I’m big and you’re small! I want to tell it, but that’s a lie. Every second I shrink. I am so, so small. I am the mole on the headmistress’s chin. I am Jupiter’s chipped tooth.
I get on my hands and knees and skitter in circles. I start digging, digging into the depths of my aloneness. There’s nothing—not a finger, not a toe. Instead I bury myself, sink into the ground, let dirt invade my every orifice.
Buried Forever
I am buried forever.
It is a comfort to know.
I have chosen this path. This path is my choice.
In a hundred years, a prince may dig me up and kiss my lips.
For now I am a seed.
Things will sprout from me, but I will stay underneath.
I won’t wonder about sisters, about where they will go, what they will do, who they will become—
I shut myself off, like the firefly squished beneath my boot.
Excavation
What are you doing down there? says a voice.
I open my eyes—they are unburied. My eyes, my forehead, my scalp stick out sharply from the dirt.
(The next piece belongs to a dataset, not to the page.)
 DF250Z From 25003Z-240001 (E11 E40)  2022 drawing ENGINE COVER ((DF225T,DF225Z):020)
Like a tombstone.
I try to speak but my mouth is still buried. I move my eyes, left and right and left and right, then up, to the voice. She wears a habit, but she is not the headmistress. She’s sparser, plainer, like yogurt. She means nothing to me. Still—my mouth salivates.
Shall I dig you up? asks the voice. I think you are alive, I see your eyelids blinking and your pupils contracting. Look at those tiny specks!
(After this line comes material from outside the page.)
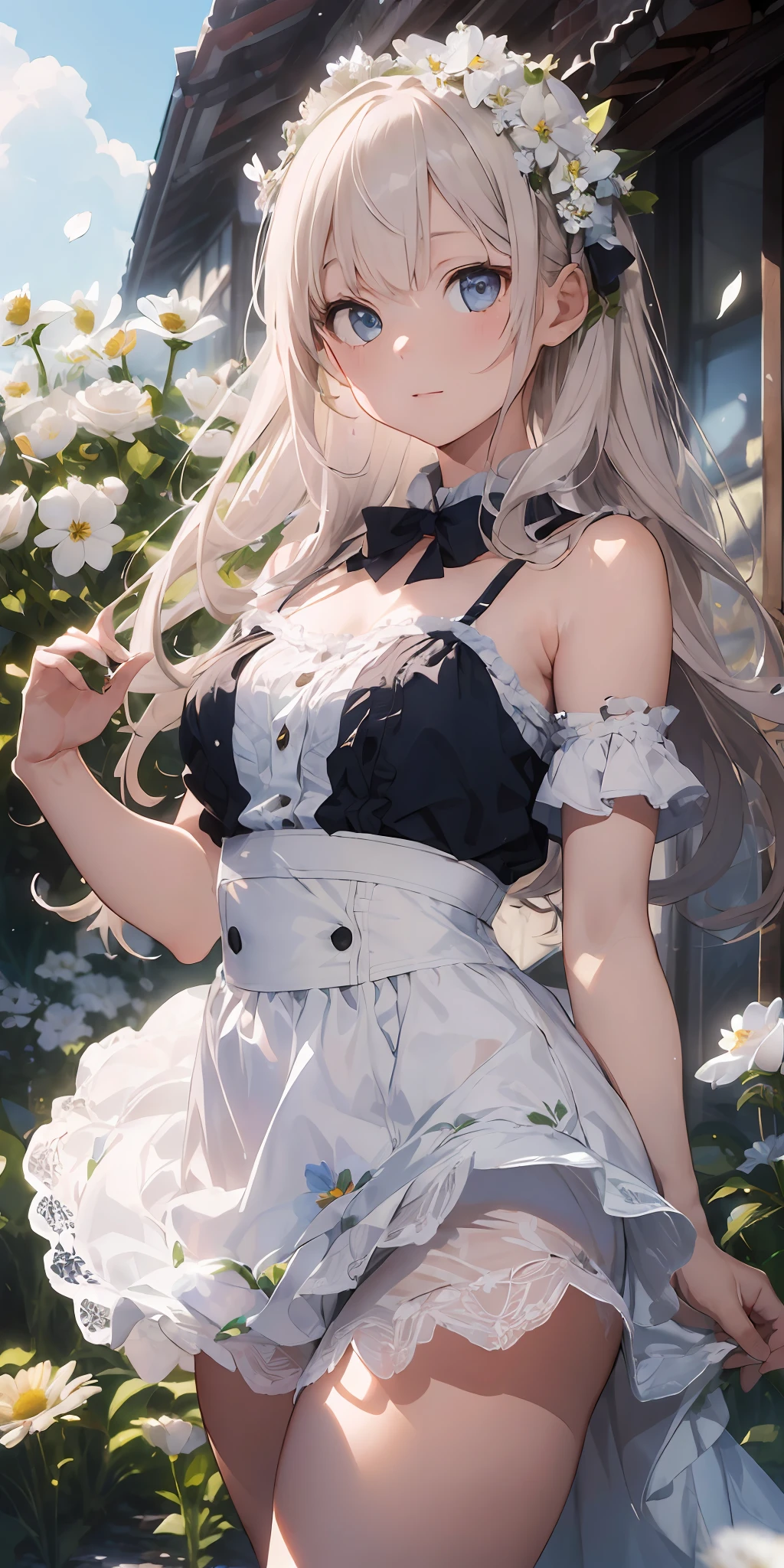 (masterpiece, best quality:1.6), white lace dress, cowboy shot, thighs, beautiful girl, (flowers, many small white petals:1.3), garden, blue sky, looking at viewer, small waist, official art, raw photo, incredibly absurdres, facelight, dynamic lighting, cinematic lighting, ultra realistic, highres, photography, sharp focus, highest detailed, extreme detailed, ultra detailed, finely detail, extremely detailed eyes and face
She leans close to my face, and I can feel her heat. My heart beats double time, shaking the ground like an earthquake. I’m alone, I say, when she has excavated my mouth.
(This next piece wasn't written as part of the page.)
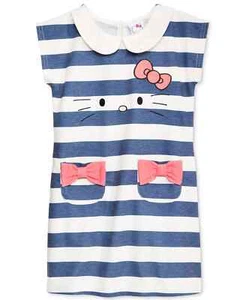 New Hello Kitty Striped Embroidered Cap Sleeve Bow Pockets Dress Girls 6 6X - Picture 1 of 1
I see that, says the voice. The voice brushes dirt from my skin, softly, like an archaeologist. I am her discovery.
After I’m excavated fully, I press my lips against hers in gratitude. She presses her lips against mine harder, as if to say, No problem, my pleasure. I part her lips with my tongue to tell her, It’s nice not to be alone. Our tongues touch, our tongues agree. I open my mouth wider, dig my tongue deeper, as if to say, You’re not like my sisters, not like my sisters at all.
We press our bodies together like sandwich bread. Her torso wiggles, her torso says we must go back to the convent. Her hips gyrate, her hips don’t care. Her habit falls from her head. I sink my teeth into the cotton, its fibers swimming down my throat. My stomach fills like it hasn’t in weeks.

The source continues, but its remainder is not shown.